The Glivec case: getting beyond efficacy

The judgment of the Indian Supreme Court concerning Novartis’ anti-cancer drug Glivec has dominated all recent discussions on Section 3(d) of the Indian Patents Act. Despite being a landmark reference for issues pertaining to Section 3(d), it is often forgotten that there is much more to Section 3(d) beyond the “enhanced efficacy” requirement, which the judgment did not address.

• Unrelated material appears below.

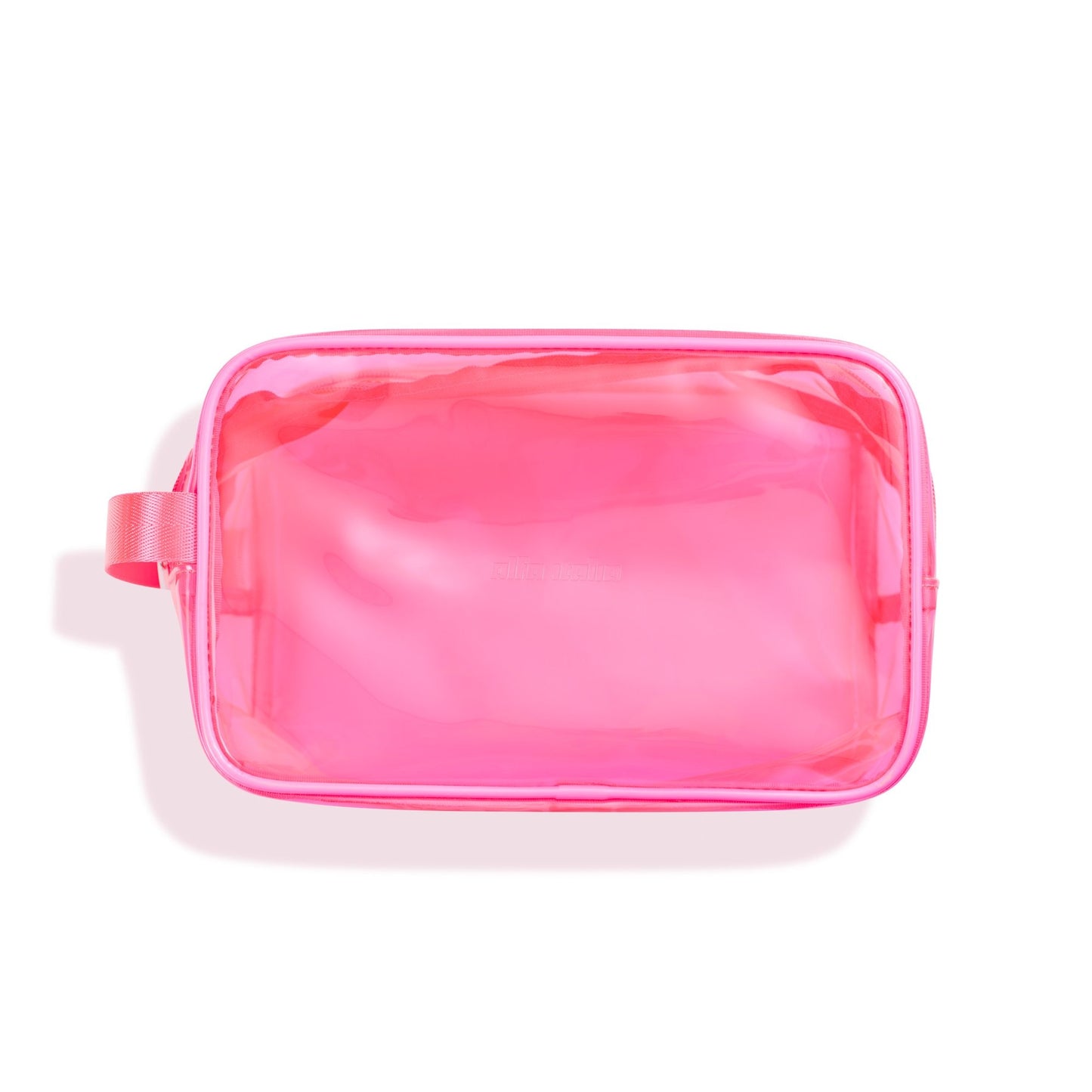 Viaggio Travel Set Styling - Neon Pink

While cogent in many aspects, the ruling has evaluated issues primarily in the context of specific facts and circumstances of the case, leaving us with dicta rather than binding precedence.

The scope of Section 3(d)

To begin with, the Supreme Court has not thrown much light on the scope of Section 3(d). Careful analysis will show that the court’s position is that Section 3(d) sets up a second tier of qualifying standards for chemical substances and/or pharmaceutical products in order to check any attempt at repetitive patenting or extension of the patent term (ie, evergreening), but at the same time leaves the door open for true and genuine inventions.

A seemingly clear assertion which is in agreement with the legislative intent behind its enactment, it should imply that Section 3(d) may not be applicable to genuine inventions which do not entail any attempt at evergreening or repetitive patenting. However, the assertion may not be of any practical significance because the court has not laid down any guidelines/parameters in this regard.

The Indian Patent Office continues to raise objections under Section 3(d) against the majority of pharmaceutical applications, at times even in the case of applications for new chemical entities and new synergistic compositions of two or more known active substances.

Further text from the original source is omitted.